China may be about to tick another box on its lengthy to-do list for financial reform. In late May media reports claimed that the People’s Bank of China plans to allow banks to issue certificates of deposit to ordinary bank customers this year, another encouraging stride toward interest rate liberalization and a baby step in overall financial reform.

A list of the tasks that China needs to undertake to remake its financial system is readily available. In fact, there are several versions. Each related ministry and regulator has its own index for the next step in opening up. The securities commission, for example, is trying to wipe the domestic stock market clean of fraud and false reporting while also creating investment opportunities for foreigners. The State Administration of Foreign Exchange is ever so slowly allowing the yuan to trade more freely. The central bank itself may have the longest list. PBOC is the trailblazer of financial reform, if not announcing changes to the system then pushing others to do so. It’s often hard to keep up.

In mid-March People’s Bank chairman Zhou Xiaochuan set a new pace for change. In perhaps the biggest announcement on financial reform in years, Zhou said China could fully liberalize interest rates by 2016.

Ending state control over the interest rate paid on bank deposits is the final step China must take in interest rate liberalization. The cap on the rate, currently set at 3%, has kept the cost of lending artificially low during the last two decades of relentless development. That ceiling, along with a floor on borrowing costs that was scrapped nearly a year ago, gave state banks ample room to lend the deposits of the masses to state-owned firms and local governments at below market prices. Without reform, China faces the risk of an increasingly high debt to GDP ratio while the return on its investments grows smaller and smaller.

Allowing certificates of deposit for the public, which give qualified bank customers a slightly higher return on deposits, would show the central bank’s determination to meet Zhou’s tight two-year deadline on interest rate reform.

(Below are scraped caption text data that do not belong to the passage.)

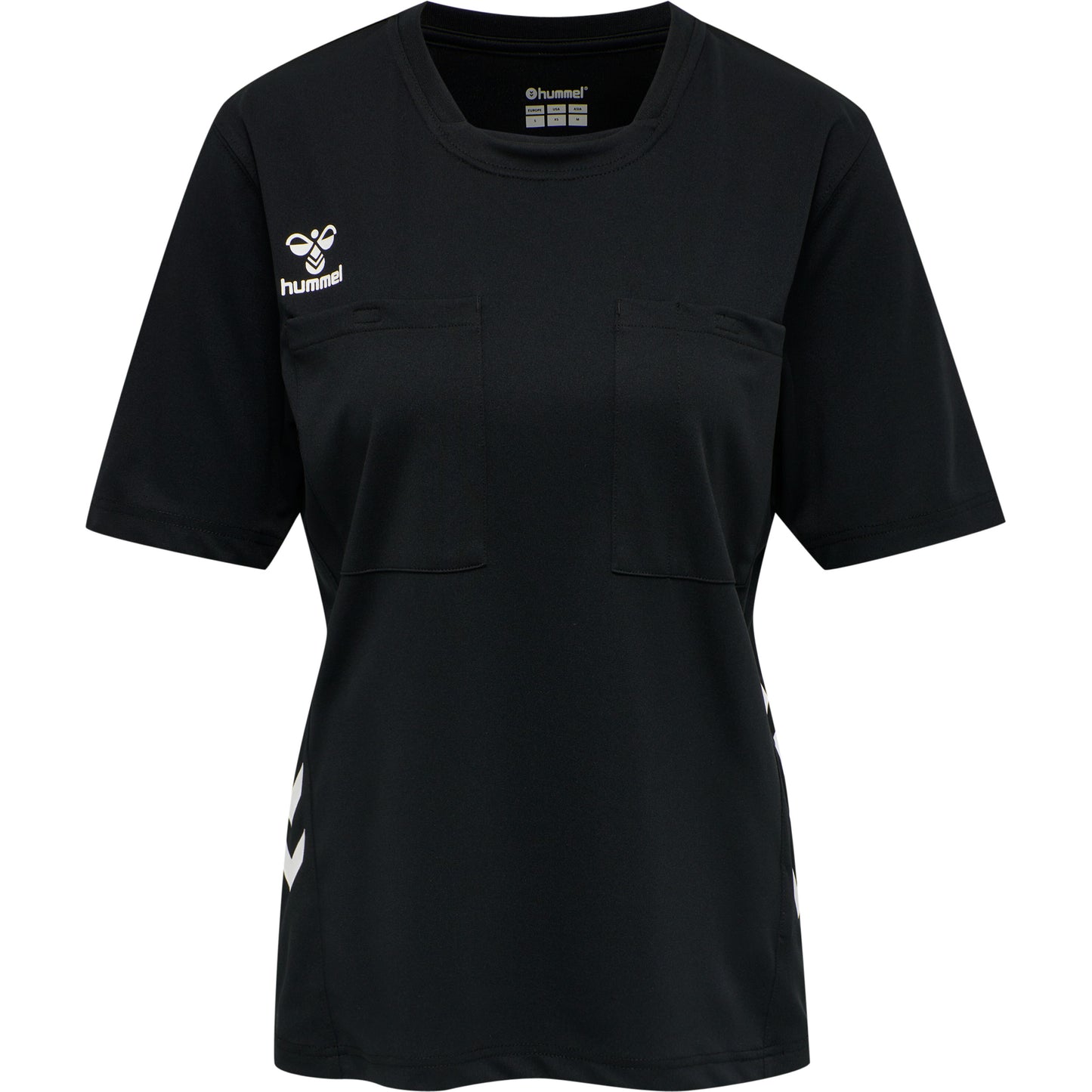 HUMMEL Referee Chevron Wo Jersey S/S Damen Schwarz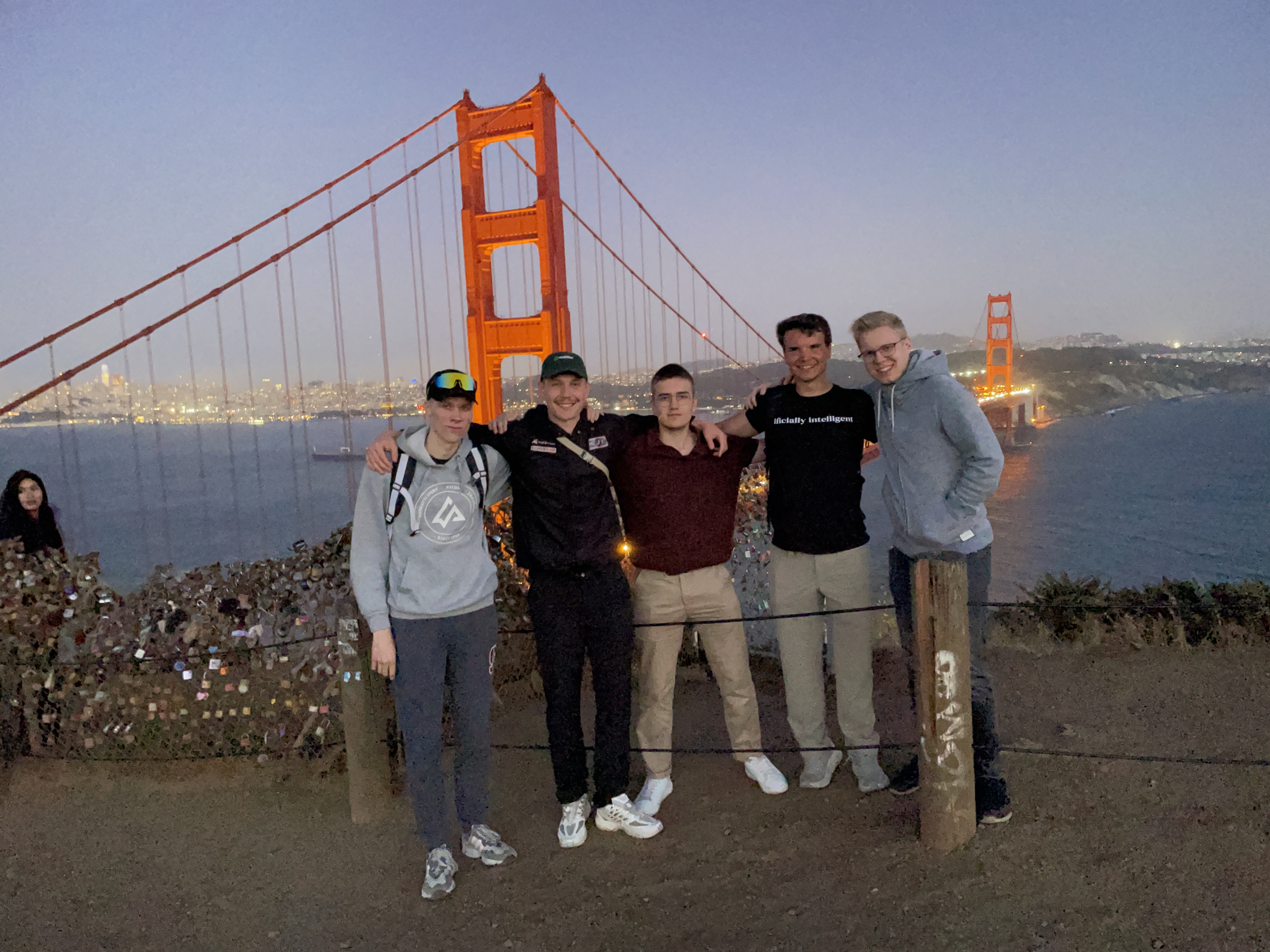 San Francisco with Friends 2025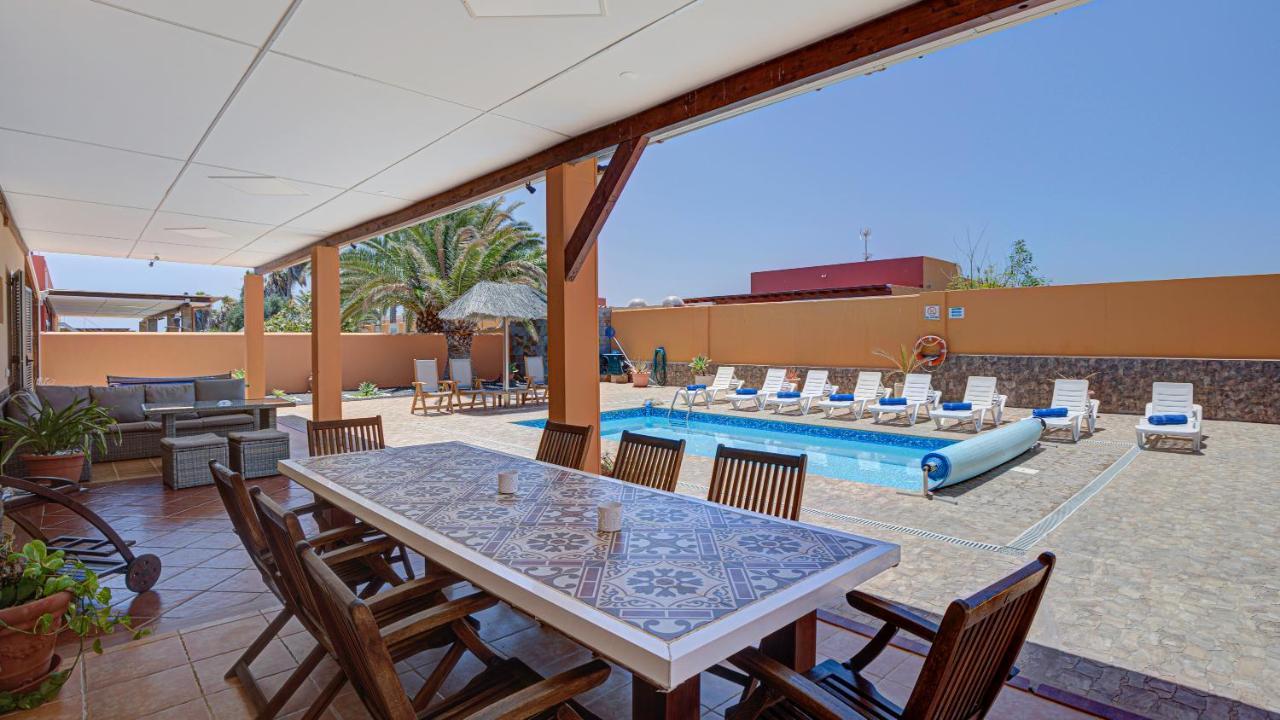 Villa Susi Caleta De Fuste Exterior photo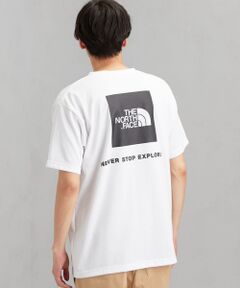 [ザ ノース フェイス] SC THE NORTH FACE SQUARE ロゴ S/S Tシャツ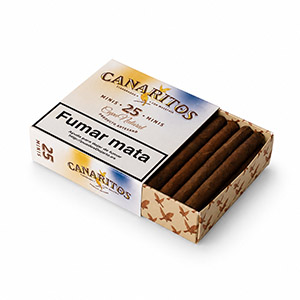 CANARITOS MINIS CAJA 25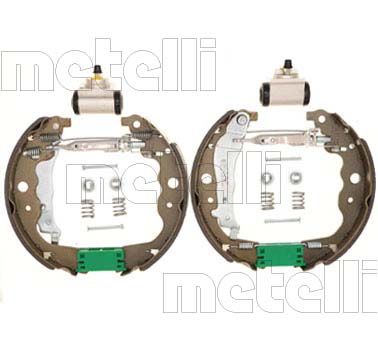 Zestaw szczęk hamulcowych METELLI 51-0357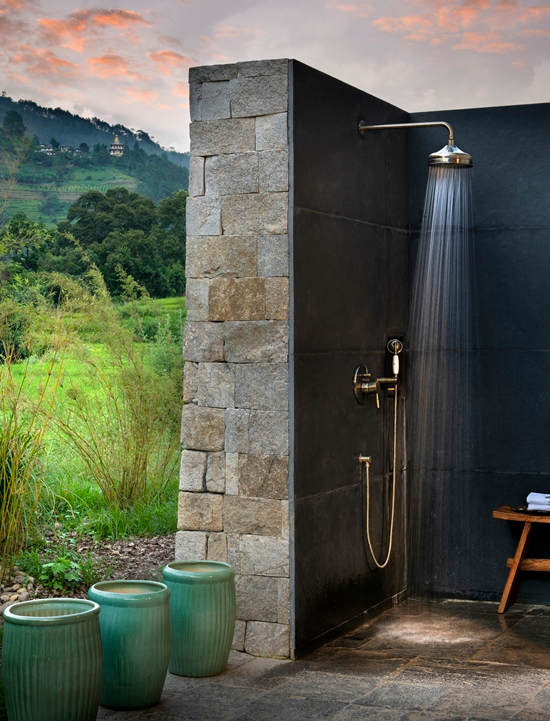 Séjour au Bhoutan - Une douche tropicale devant l'Himalaya - Amplitudes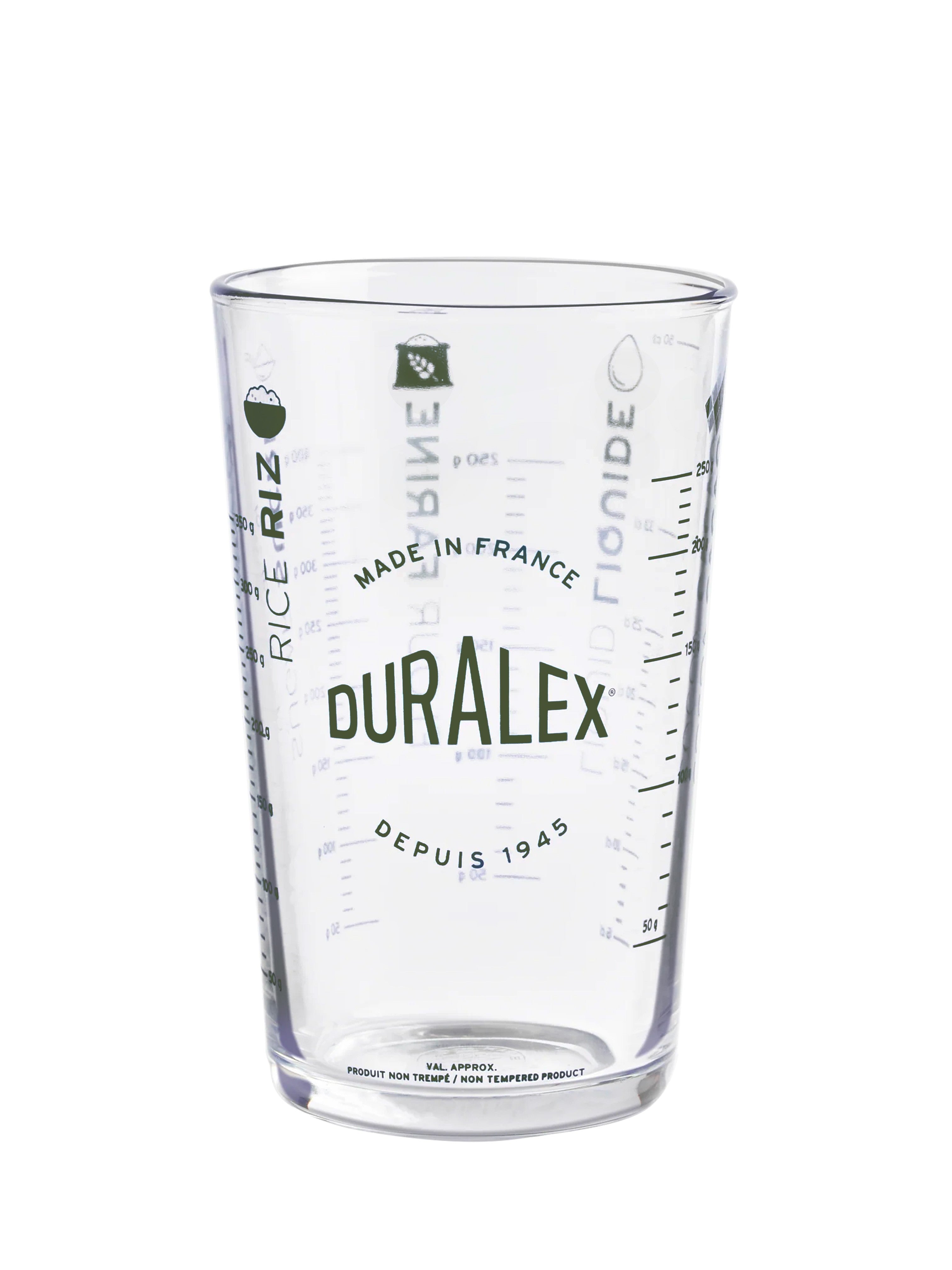 Precisio - Verre doseur / mesureur vert impérial 56 cl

But this 2016 date is a single point on a timeline that stretches far beyond the horizon. Which reforms happen before or after that date are debatable, even contested. That’s because a change in one area of China’s fragile financial structure could, at least in the short term, undermine another reform somewhere else in the system. Freeing interest rates is just one of four major financial reform initiatives. The other three are liberalizing exchange rates, reforming capital markets and opening China’s capital account. None of these takes priority over another. As the People’s Bank pushes forward, not only must it consider the pace at which other financial players are crossing items off their lists, it must be sure the entire economy, down to the level of property developers and regional governments, is on board. However, in local authorities far from Beijing, some cadre may not have received the checklist for reform yet.

How to stall forex reform

Two years is a blink of an eye in China’s overall reform, and the new timeline has found critics. Just a month after Zhou’s announcement on uncapping deposit rates, another top financial regulator put forward his own version of how reform would sweep the financial sector.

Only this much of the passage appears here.